A couple of years ago I read Miami, Beijing, and Berlin, listed as the current centers of the contemporary art world. As I was just on my way to Berlin, a friend said that on my return I should be sure and tell her what I found out about the center of art.
Yto Barrada’s multi-media exhibition, Riffs, at the Deutsche Guggenheim Museum turned out to be one of my favorite shows during that trip. Riffs was the first large-scale exhibition in Germany of the work of Yto Barrada, who was Deutsche Bank’s Artist of the Year that year. Barrada’s photographs, films, publications, installations and sculptures specifically speak to her hometown, Tangier, Morocco. The films were mesmerizing, and I watched them carefully enough to remember them.

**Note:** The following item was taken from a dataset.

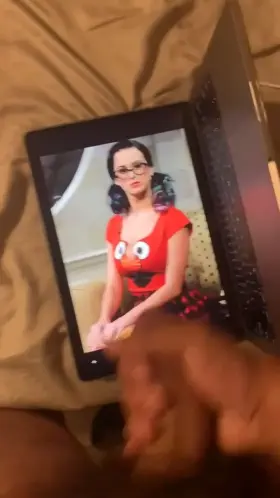 Katy Perry tribute, 32 years old.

Also in Berlin, I was very entertained to find that Minnesota artist, Alec Soth’s show, Broken Moments, was just about to open at Galerie Friedrich Loock, near the Hamburger Bahnhoff, a former railway station now functioning as a museum of contemporary art, and part of the Berlin National Gallery.
Two weeks ago at The Walker Art Center, I was looking for the (not currently on display) Glenn Brown painting, You Never Touch My Skin in the Way You Did and You’ve Even Changed the Way You Kiss Me. I passed a large doorway decorated by two miniature theater replicas I recognized. Album: Cinematheque Tangier, a project by Yto Barrada including films, art, and artifacts about her hometown, Tangier, Morocco, is currently showing in Minneapolis.
Where is the center of contemporary art? The world is shrinking with every transportation and communication advancement. Alec Soth in Berlin. Minnesota is present in that center of art. Yto Barrada at The Walker in Minneapolis. Where is the center of art? Wherever it is, that center is clearly a moving target.